=== Your goal ===
All entries given below are to be returned word for word.

---------- The data ----------

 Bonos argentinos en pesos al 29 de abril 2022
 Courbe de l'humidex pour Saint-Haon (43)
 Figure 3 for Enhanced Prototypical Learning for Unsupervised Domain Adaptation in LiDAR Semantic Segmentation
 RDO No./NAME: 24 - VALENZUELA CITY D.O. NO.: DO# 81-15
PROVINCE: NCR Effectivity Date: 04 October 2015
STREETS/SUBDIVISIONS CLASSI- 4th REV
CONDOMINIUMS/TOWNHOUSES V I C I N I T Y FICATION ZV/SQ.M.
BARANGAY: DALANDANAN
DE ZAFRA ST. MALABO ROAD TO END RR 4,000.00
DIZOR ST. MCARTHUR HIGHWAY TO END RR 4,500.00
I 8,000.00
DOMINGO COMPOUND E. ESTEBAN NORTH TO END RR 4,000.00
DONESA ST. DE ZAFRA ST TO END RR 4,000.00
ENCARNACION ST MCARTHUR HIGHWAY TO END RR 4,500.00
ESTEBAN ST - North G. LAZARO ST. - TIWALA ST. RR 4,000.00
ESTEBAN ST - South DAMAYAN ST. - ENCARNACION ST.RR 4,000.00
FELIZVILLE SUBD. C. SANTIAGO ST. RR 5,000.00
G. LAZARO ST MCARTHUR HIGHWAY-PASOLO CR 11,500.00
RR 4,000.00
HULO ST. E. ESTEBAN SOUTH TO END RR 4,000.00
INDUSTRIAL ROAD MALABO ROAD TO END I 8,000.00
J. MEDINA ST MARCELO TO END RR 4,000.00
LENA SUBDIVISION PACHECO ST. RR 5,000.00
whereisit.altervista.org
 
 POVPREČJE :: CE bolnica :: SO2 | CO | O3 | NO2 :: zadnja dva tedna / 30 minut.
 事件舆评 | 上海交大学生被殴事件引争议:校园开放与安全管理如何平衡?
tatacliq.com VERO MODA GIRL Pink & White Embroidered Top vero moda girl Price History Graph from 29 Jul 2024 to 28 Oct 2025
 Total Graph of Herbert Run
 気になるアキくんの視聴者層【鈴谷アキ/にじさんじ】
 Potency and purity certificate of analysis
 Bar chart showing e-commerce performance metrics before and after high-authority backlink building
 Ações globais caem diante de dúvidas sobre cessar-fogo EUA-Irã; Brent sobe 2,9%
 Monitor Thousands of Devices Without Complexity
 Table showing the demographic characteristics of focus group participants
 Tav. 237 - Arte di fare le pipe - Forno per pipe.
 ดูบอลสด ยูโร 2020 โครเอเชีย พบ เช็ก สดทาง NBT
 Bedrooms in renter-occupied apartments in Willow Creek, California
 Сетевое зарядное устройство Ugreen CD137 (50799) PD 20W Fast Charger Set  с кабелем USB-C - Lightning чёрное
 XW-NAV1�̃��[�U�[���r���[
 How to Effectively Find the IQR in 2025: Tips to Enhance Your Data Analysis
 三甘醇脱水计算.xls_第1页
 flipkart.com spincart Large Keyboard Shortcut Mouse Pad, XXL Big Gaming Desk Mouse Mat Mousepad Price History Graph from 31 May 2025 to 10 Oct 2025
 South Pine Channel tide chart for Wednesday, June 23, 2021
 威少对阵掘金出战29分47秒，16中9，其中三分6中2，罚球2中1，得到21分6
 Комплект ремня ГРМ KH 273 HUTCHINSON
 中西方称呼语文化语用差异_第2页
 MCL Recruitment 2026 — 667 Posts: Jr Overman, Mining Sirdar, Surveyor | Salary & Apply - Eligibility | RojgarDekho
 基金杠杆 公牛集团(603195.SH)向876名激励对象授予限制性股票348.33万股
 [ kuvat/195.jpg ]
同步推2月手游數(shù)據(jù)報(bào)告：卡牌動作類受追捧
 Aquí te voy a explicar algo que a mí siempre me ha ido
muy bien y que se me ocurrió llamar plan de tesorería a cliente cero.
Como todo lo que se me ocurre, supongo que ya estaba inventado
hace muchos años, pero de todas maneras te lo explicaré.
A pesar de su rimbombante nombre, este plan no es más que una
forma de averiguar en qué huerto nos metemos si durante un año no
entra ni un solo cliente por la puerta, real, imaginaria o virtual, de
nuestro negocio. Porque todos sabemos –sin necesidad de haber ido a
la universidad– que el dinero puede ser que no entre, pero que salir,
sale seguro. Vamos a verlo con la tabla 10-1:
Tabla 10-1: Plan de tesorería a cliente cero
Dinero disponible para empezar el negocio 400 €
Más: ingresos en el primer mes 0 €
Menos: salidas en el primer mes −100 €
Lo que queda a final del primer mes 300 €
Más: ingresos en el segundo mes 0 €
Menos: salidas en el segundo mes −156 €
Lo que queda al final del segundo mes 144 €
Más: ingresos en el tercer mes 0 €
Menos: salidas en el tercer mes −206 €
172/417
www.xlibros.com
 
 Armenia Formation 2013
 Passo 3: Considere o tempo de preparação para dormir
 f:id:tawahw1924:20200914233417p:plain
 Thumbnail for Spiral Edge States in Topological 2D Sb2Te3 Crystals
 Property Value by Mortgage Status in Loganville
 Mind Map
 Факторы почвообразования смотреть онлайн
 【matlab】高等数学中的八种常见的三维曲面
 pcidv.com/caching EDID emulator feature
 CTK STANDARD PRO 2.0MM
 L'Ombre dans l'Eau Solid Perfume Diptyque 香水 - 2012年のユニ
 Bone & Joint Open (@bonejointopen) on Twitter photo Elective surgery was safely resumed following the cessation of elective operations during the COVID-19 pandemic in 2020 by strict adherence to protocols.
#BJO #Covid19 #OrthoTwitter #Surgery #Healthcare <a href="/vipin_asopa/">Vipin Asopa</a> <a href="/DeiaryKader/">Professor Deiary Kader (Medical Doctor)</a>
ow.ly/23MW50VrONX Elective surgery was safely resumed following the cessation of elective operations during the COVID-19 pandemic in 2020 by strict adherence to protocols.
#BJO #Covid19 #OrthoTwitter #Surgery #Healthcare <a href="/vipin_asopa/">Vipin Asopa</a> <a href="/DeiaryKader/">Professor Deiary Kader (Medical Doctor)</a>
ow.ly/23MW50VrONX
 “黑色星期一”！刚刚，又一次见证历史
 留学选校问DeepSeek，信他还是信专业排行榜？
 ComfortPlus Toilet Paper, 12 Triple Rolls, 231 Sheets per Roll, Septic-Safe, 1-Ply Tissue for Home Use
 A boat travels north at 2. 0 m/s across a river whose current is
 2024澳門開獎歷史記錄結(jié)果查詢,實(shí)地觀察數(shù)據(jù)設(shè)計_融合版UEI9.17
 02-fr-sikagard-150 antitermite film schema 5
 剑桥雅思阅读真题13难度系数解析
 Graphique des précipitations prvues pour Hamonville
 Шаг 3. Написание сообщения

----------

=== Task answer ===
 Bonos argentinos en pesos al 29 de abril 2022
 Courbe de l'humidex pour Saint-Haon (43)
 Figure 3 for Enhanced Prototypical Learning for Unsupervised Domain Adaptation in LiDAR Semantic Segmentation
 RDO No./NAME: 24 - VALENZUELA CITY D.O. NO.: DO# 81-15
PROVINCE: NCR Effectivity Date: 04 October 2015
STREETS/SUBDIVISIONS CLASSI- 4th REV
CONDOMINIUMS/TOWNHOUSES V I C I N I T Y FICATION ZV/SQ.M.
BARANGAY: DALANDANAN
DE ZAFRA ST. MALABO ROAD TO END RR 4,000.00
DIZOR ST. MCARTHUR HIGHWAY TO END RR 4,500.00
I 8,000.00
DOMINGO COMPOUND E. ESTEBAN NORTH TO END RR 4,000.00
DONESA ST. DE ZAFRA ST TO END RR 4,000.00
ENCARNACION ST MCARTHUR HIGHWAY TO END RR 4,500.00
ESTEBAN ST - North G. LAZARO ST. - TIWALA ST. RR 4,000.00
ESTEBAN ST - South DAMAYAN ST. - ENCARNACION ST.RR 4,000.00
FELIZVILLE SUBD. C. SANTIAGO ST. RR 5,000.00
G. LAZARO ST MCARTHUR HIGHWAY-PASOLO CR 11,500.00
RR 4,000.00
HULO ST. E. ESTEBAN SOUTH TO END RR 4,000.00
INDUSTRIAL ROAD MALABO ROAD TO END I 8,000.00
J. MEDINA ST MARCELO TO END RR 4,000.00
LENA SUBDIVISION PACHECO ST. RR 5,000.00
whereisit.altervista.org
 
 POVPREČJE :: CE bolnica :: SO2 | CO | O3 | NO2 :: zadnja dva tedna / 30 minut.
 事件舆评 | 上海交大学生被殴事件引争议:校园开放与安全管理如何平衡?
tatacliq.com VERO MODA GIRL Pink & White Embroidered Top vero moda girl Price History Graph from 29 Jul 2024 to 28 Oct 2025
 Total Graph of Herbert Run
 気になるアキくんの視聴者層【鈴谷アキ/にじさんじ】
 Potency and purity certificate of analysis
 Bar chart showing e-commerce performance metrics before and after high-authority backlink building
 Ações globais caem diante de dúvidas sobre cessar-fogo EUA-Irã; Brent sobe 2,9%
 Monitor Thousands of Devices Without Complexity
 Table showing the demographic characteristics of focus group participants
 Tav. 237 - Arte di fare le pipe - Forno per pipe.
 ดูบอลสด ยูโร 2020 โครเอเชีย พบ เช็ก สดทาง NBT
 Bedrooms in renter-occupied apartments in Willow Creek, California
 Сетевое зарядное устройство Ugreen CD137 (50799) PD 20W Fast Charger Set  с кабелем USB-C - Lightning чёрное
 XW-NAV1�̃��[�U�[���r���[
 How to Effectively Find the IQR in 2025: Tips to Enhance Your Data Analysis
 三甘醇脱水计算.xls_第1页
 flipkart.com spincart Large Keyboard Shortcut Mouse Pad, XXL Big Gaming Desk Mouse Mat Mousepad Price History Graph from 31 May 2025 to 10 Oct 2025
 South Pine Channel tide chart for Wednesday, June 23, 2021
 威少对阵掘金出战29分47秒，16中9，其中三分6中2，罚球2中1，得到21分6
 Комплект ремня ГРМ KH 273 HUTCHINSON
 中西方称呼语文化语用差异_第2页
 MCL Recruitment 2026 — 667 Posts: Jr Overman, Mining Sirdar, Surveyor | Salary & Apply - Eligibility | RojgarDekho
 基金杠杆 公牛集团(603195.SH)向876名激励对象授予限制性股票348.33万股
 [ kuvat/195.jpg ]
同步推2月手游數(shù)據(jù)報(bào)告：卡牌動作類受追捧
 Aquí te voy a explicar algo que a mí siempre me ha ido
muy bien y que se me ocurrió llamar plan de tesorería a cliente cero.
Como todo lo que se me ocurre, supongo que ya estaba inventado
hace muchos años, pero de todas maneras te lo explicaré.
A pesar de su rimbombante nombre, este plan no es más que una
forma de averiguar en qué huerto nos metemos si durante un año no
entra ni un solo cliente por la puerta, real, imaginaria o virtual, de
nuestro negocio. Porque todos sabemos –sin necesidad de haber ido a
la universidad– que el dinero puede ser que no entre, pero que salir,
sale seguro. Vamos a verlo con la tabla 10-1:
Tabla 10-1: Plan de tesorería a cliente cero
Dinero disponible para empezar el negocio 400 €
Más: ingresos en el primer mes 0 €
Menos: salidas en el primer mes −100 €
Lo que queda a final del primer mes 300 €
Más: ingresos en el segundo mes 0 €
Menos: salidas en el segundo mes −156 €
Lo que queda al final del segundo mes 144 €
Más: ingresos en el tercer mes 0 €
Menos: salidas en el tercer mes −206 €
172/417
www.xlibros.com
 
 Armenia Formation 2013
 Passo 3: Considere o tempo de preparação para dormir
 f:id:tawahw1924:20200914233417p:plain
 Thumbnail for Spiral Edge States in Topological 2D Sb2Te3 Crystals
 Property Value by Mortgage Status in Loganville
 Mind Map
 Факторы почвообразования смотреть онлайн
 【matlab】高等数学中的八种常见的三维曲面
 pcidv.com/caching EDID emulator feature
 CTK STANDARD PRO 2.0MM
 L'Ombre dans l'Eau Solid Perfume Diptyque 香水 - 2012年のユニ
 Bone & Joint Open (@bonejointopen) on Twitter photo Elective surgery was safely resumed following the cessation of elective operations during the COVID-19 pandemic in 2020 by strict adherence to protocols.
#BJO #Covid19 #OrthoTwitter #Surgery #Healthcare <a href="/vipin_asopa/">Vipin Asopa</a> <a href="/DeiaryKader/">Professor Deiary Kader (Medical Doctor)</a>
ow.ly/23MW50VrONX Elective surgery was safely resumed following the cessation of elective operations during the COVID-19 pandemic in 2020 by strict adherence to protocols.
#BJO #Covid19 #OrthoTwitter #Surgery #Healthcare <a href="/vipin_asopa/">Vipin Asopa</a> <a href="/DeiaryKader/">Professor Deiary Kader (Medical Doctor)</a>
ow.ly/23MW50VrONX
 “黑色星期一”！刚刚，又一次见证历史
 留学选校问DeepSeek，信他还是信专业排行榜？
 ComfortPlus Toilet Paper, 12 Triple Rolls, 231 Sheets per Roll, Septic-Safe, 1-Ply Tissue for Home Use
 A boat travels north at 2. 0 m/s across a river whose current is
 2024澳門開獎歷史記錄結(jié)果查詢,實(shí)地觀察數(shù)據(jù)設(shè)計_融合版UEI9.17
 02-fr-sikagard-150 antitermite film schema 5
 剑桥雅思阅读真题13难度系数解析
 Graphique des précipitations prvues pour Hamonville
 Шаг 3. Написание сообщения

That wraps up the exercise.